Another striking application of such finite difference calculus is to derive the more advanced Euler-Maclaurin formula, which is in some sense a discrete version of the fundamental theorem of calculus.

As we have mentioned in the first part of this article, the fundamental theorem of calculus can be written in terms of operators as

$$D^{-1}f(x)=Jf(x)+C=\int_0^xf(t)\,dt+C$$

So we would like to know if we replace the differential operator $D$ with the difference operator $\Delta$, how would this relationship change? What is $\Delta^{-1}f(x)$?

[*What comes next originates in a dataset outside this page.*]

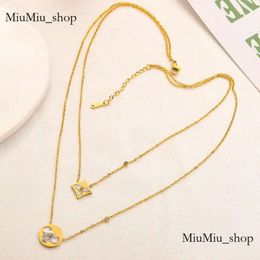 Never Fading 18K Gold Plated Luxury Brand Designer Pendants Necklaces Crystal Stainless Steel Letter Choker Pendant Necklace Chain Jewelry Accessories Gifts 215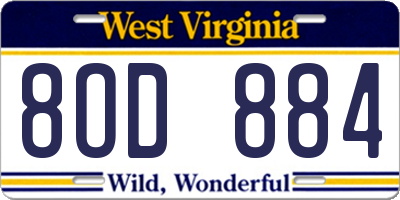WV license plate 8OD884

We have shown previously that $1+\Delta=\exp(hD)$, so it would be naturaly to write

$$\Delta^{-1}=\frac{1}{\exp(hD)-1}.$$

However, the above right-hand side corresponds to the function $1/(e^x-1)$ which is singular at the origin, so instead we write

$$\Delta^{-1}=\frac{hD}{\exp(hD)-1}(hD)^{-1}=\sum_{n=0}^{\infty}\frac{B_n}{n!}(hD)^{n}(hD)^{-1}.$$

Here we have used the fact that

$$\frac{x}{e^x-1}=\sum_{n=0}^{\infty}\frac{B_n}{n!}x^n$$

where $B_n$ are the Bernoulli numbers. Notice that with our notations, we have

$$(hD)^{-1}f(x)=\frac{1}{h}\int_0^xf(t)\,dt+C$$

and

$$(hD)^{n}(hD)^{-1}f(x)=h^{n-1}f^{(n-1)}(x)$$

therefore

$$\Delta^{-1}f(x)=\frac{1}{h}\int_0^xf(t)\,dt+C+\sum_{n=1}^{\infty}\frac{B_n}{n!}h^{n-1}f^{(n-1)}(x)$$

Now apply $\Delta$ on both sides, we have

$$f(x)=\frac{1}{h}\int_x^{x+h}f(t)\,dt+\sum_{n=1}^{\infty}\frac{B_n}{n!}h^{n-1}(f^{(n-1)}(x+h)-f^{(n-1)}(x))$$

This is one version of the Euler-Maclaurin formula. Finally, if we replace $x$ by $a,\;a+h,\;a+2h,\;\dots,\;a+(m-1)h$, one-by-one, and sum all the resulting formulae together, we get

$$\sum_{k=0}^{m-1}f(a+kh)=\frac{1}{h}\int_a^bf(t)\,dt+\sum_{n=1}^{\infty}\frac{B_n}{n!}h^{n-1}\left(f^{(n-1)}(b)-f^{(n-1)}(a)\right)$$

where $b:=a+mh$. So here we are, this gives us the usual form of the Euler-Maclaurin formula.